Teilweise entsteht nämlich der Eindruck, die Anwältin würde einzelne Inhalte des Beitrages/Aussagen von Gefangenen in Frage stellen – wieso das dem Gericht mitgeteilt werden muss, ist uns schleierhaft und wirkt für uns stellenweise sehr spalterisch.
Trotz aller Kritik veröffentlichen wir an dieser Stelle das Schreiben der Anwältin, um den Verlauf transparent zu machen.
Zu der kompletten Argumentation der Anwältin klickt hier. Falls ihr keine Lust habt, vier Seiten zu lesen, hier die Argumente im Überblick:
- das Outing wäre nicht in dem Sprachgebrauch von Kay formuliert worden.
- das Outing wäre anonym verfasst worden. Kays Name kommt in dem Outing nicht vor, in anderen Artikeln auf unserem Blog dahingegend schon. Die Anwältin zieht daraus den Schluss, Kay könne nicht der Verfasser des Outings sein, er hätte sich sonst selbst namentlich bemerkbar gemacht.
- in dem Outing werden private Angaben von Wärter*innen gemacht, über welche Kay keine Kenntnis haben konnte.
Natürlich wissen wir nicht, ob der aufgehührte Brief der Anwältin dazu führte, dass das Ermittlungsverfahren eingestellt wurde, oder die Justiz einfach eh keine Lust mehr hatte, oder sie auch unabhängig vom Schreiben der Anwältin wussten, dass das Verfahren ins Leere laufen wird und es nur darum ging, Kay mit einer Razzia/einem Verfahren zu ärgern oder oder oder.
Was wir aber an dieser Stelle mal behaupten würden ist, dass sie auf jeden Fall immer daran interessiert sind, wie Strukturen funktionieren. Entweder, um Einzelpersonen anzuklagen, oder um sich Zusammenhänge zu erschließen oder zu konstruieren – und diese dann mit Repression zu überziehen. Weil das Schreiben der Anwältin als Aufruf verstanden werden kann, weiter bzw . n andere Richtungen zu ermitteln, und weil ein Meinungsaustausch mit dem Gericht angestrebt wird bzw. dabei auch einzelne Aussagen von Gefangenen in Frage gestellt werden, finden wir es eher kritisch.
Für Gefangene, welche Repression durch unsere Beiträge erleben, würden wir deswegen folgendes Vorgehen vorschlagen:
- schreibt uns sehr gerne, wir können uns darüber austauschen, welcher juristische Weg sinnvoll ist,
- verweigert im besten Fall ganz die Aussage.

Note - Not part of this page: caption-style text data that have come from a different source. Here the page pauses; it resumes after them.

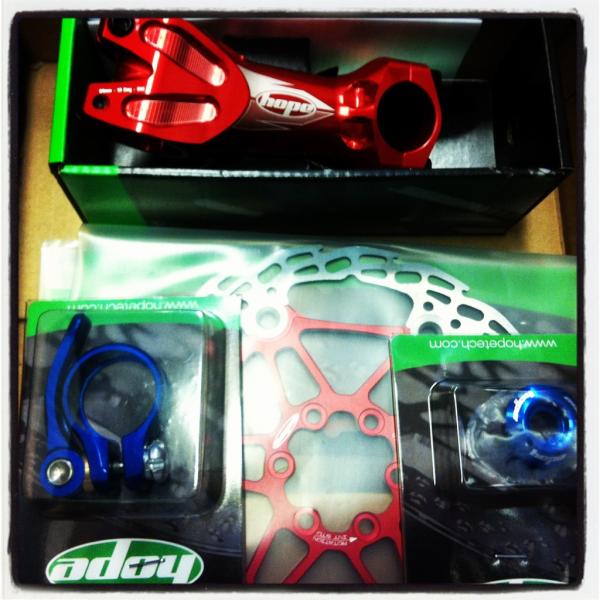 JohnAtkinscycle's tweet photo. Hope do some pretty bling kit, just had a box of coloured goodies come in! http://t.co/mwbsxv3Q
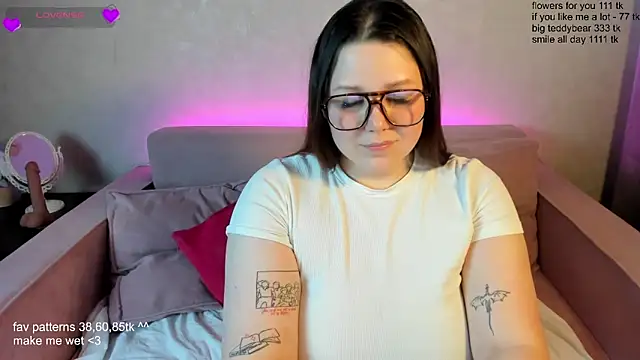 Snapshot of Ruth_Oliver chatting on 03-08-25, 11:27 Ruth Oliver online show from 03-08-25, 11:27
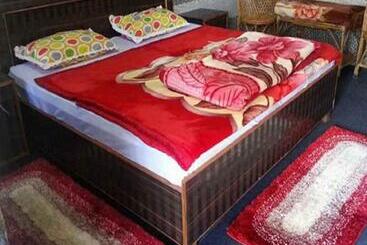 Bed and Breakfast Devbhoomi By Stayapart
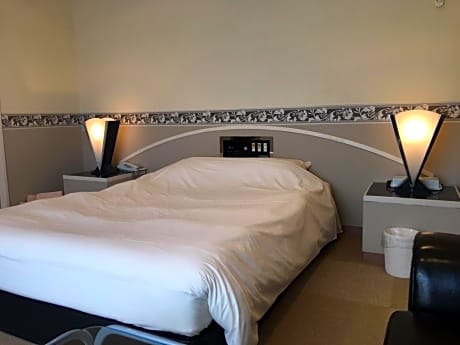 Economy Double Room - Smoking
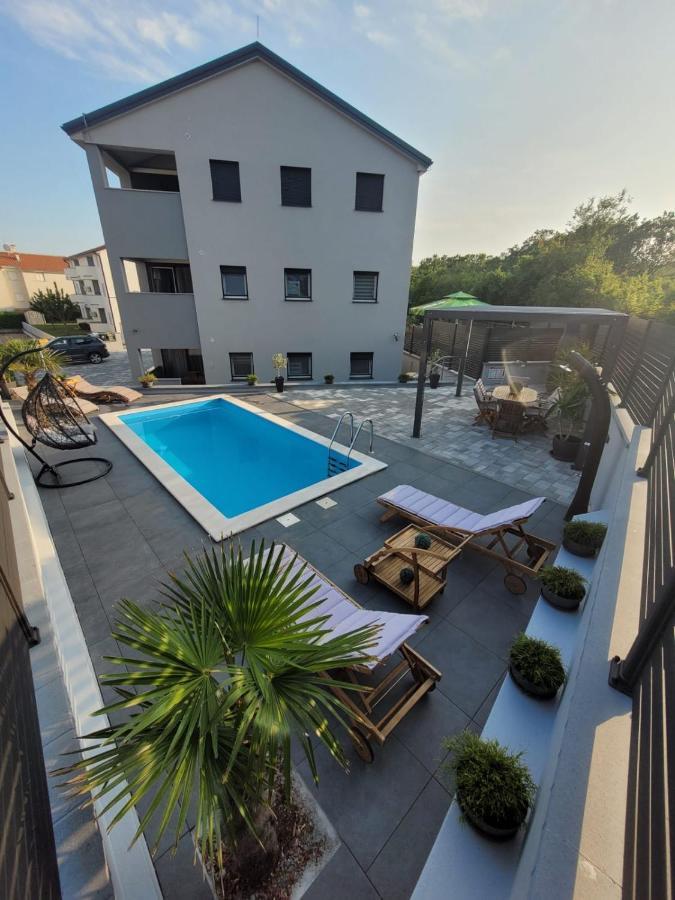 Apartment Lo&Ti Čižići Bagian luar foto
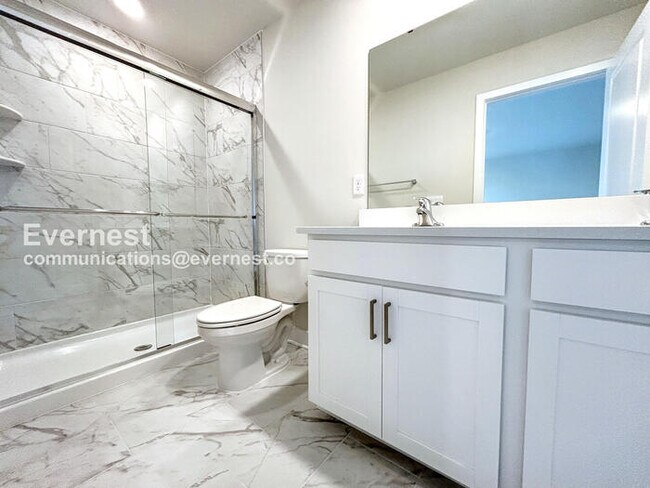 Building Photo - SPECIAL PROMOTION / Brand New 4 Bed/3.5 Bath Townhome with Garage / Pet-Friendly / Available Now!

Umso weniger Informationen sie über euch haben, desto weniger können sie ermitteln. Jegliche Information kann eine zu viel sein – auch, wenn man manchmal vielleicht denkt, dass „dieses und jenes“ doch „nicht schlimm“ wäre zu sagen, nutzt die Justiz selten Aussagen, um Menschen zu entlasten. Eher nutzt sie diese, um noch tiefer zu graben, um intensiver zu ermitteln.
- Wenn es euch aber wichtig ist zu betonen, dass ihr definitiv nicht die Verfasser*innen einer unserer Artikel seit, macht es ohne dazu aufzufordern, Verfasser*innen zu ermitteln.
- Und generell gilt: wir können uns darüber austauschen, wie ihr am besten vorgehen wollt – lasst uns gemeinsam dagegen kämpfen und zusammen Strategien überlegen, anstatt vereinzelt.